Die größte „Schublade” ist jene mit der Aufschrift „Trauer”. Dort befinden sich all die Situationen, die Bilder, die große, in Verzweiflung und Leid ertrinkende Augen ausdrückten. Am schwersten fiel es mir zu akzeptieren, dass die Eltern ihre Versprechen nicht hielten. Ich hörte vieles, viele Pläne und Versprechen. Keines von ihnen ging in Erfüllung. Und diese Luft, die aus einem geplatzten Ballon entweicht - so entweicht die Hoffnung. Wenn man in einem solchen Haus lebt, muss man lernen zu überleben, man muss ein System „erarbeiten”, das Kraft gibt. Ich zählte die Tage, an denen die Eltern meiner Meinung nach trinken würden und an denen sie nüchtern wären. Meistens bestätigte sich das nicht; ihre Trunkenheit war schwer vorherzusehen, aber man konnte am Leben bleiben, man konnte wenigstens ein wenig kontrollieren und vorausahnen. Ich lernte, die Zeichen zu unterscheiden - wann sie betrunken waren, wann sie das nächste Mal trinken würden.
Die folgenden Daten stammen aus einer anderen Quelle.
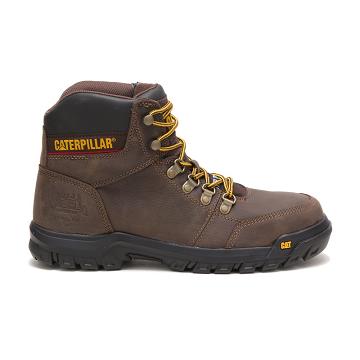 Caterpillar Outline Steel Kappe Sicherheitsstiefel Herren Kaffee | CAT050-CH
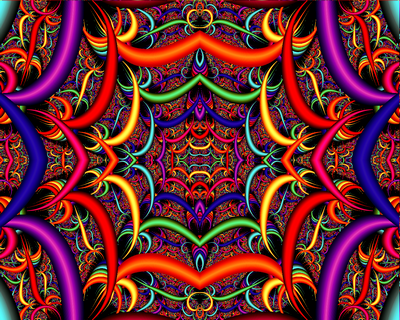 psychedelic patterns wall decal or window sticker14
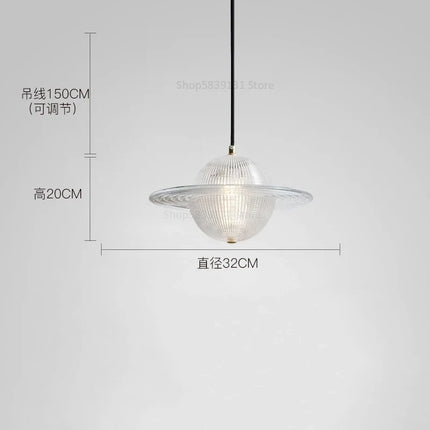 Lustre LED en verre style nordique soucoupe volante — LZ4P9XJ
Ich brachte es zu solcher Vollkommenheit, dass ich, wenn ich ein Gesicht ansah, schon wusste, dass er oder sie zum Beispiel nur ein Bier getrunken hatte. Und wenn ich das wusste, konnte ich den Tagesablauf ändern, meine Einstellung dazu. Sofort schlug ich die Tür meines Herzens zu, und auf das Schlachtfeld trat ein Soldat, auf jede Möglichkeit vorbereitet. Ein solcher Bereitschaftszustand dauerte bis zum nächsten Tag. Ich lernte, wann ich „auf Zehenspitzen gehen”, mich leise verhalten, aus den Augen verschwinden musste. Ich wusste, wann es zu Hause Streit geben würde. Ich lernte, „den Mund zu halten”, damit es nicht schlimmer würde.
Bis heute verursacht eine andere „Schublade” Verstörung. Die „Schublade”, in der ich den Mangel an Liebe, eine furchtbare Kälte und Leere verberge. Theoretisch weiß ich jetzt, dass jedem Menschen ein Fehler unterlaufen kann. Ich hatte diese Möglichkeit nicht. Wenn ich ein Spielzeug zerbrach (ich glaube, ich hatte „hölzerne Hände”), wenn ich eine schlechte Note bekam, wenn ich es nicht schaffte, die Wohnung rechtzeitig aufzuräumen... All das bestätigte, was ich über mich dachte - „ich tauge zu nichts”. Solche Worte hörte ich von meinen Eltern. Ein Bild: Ich hatte eine wunderschöne Tasche, von der ich geträumt hatte. Es gab einen Tag, an dem wir uns mit den Eltern zu einem Spaziergang aufmachten. Ich war das glücklichste kleine Mädchen der Welt. Schließlich streckte mich die Müdigkeit nieder. Ich bat Papa, meine Tasche zu tragen. Er schrie mich an und warf gleich danach die Tasche in den Mülleimer. Wieder stürzte die Welt für mich ein. Alles umsonst - Weinen und Heulen.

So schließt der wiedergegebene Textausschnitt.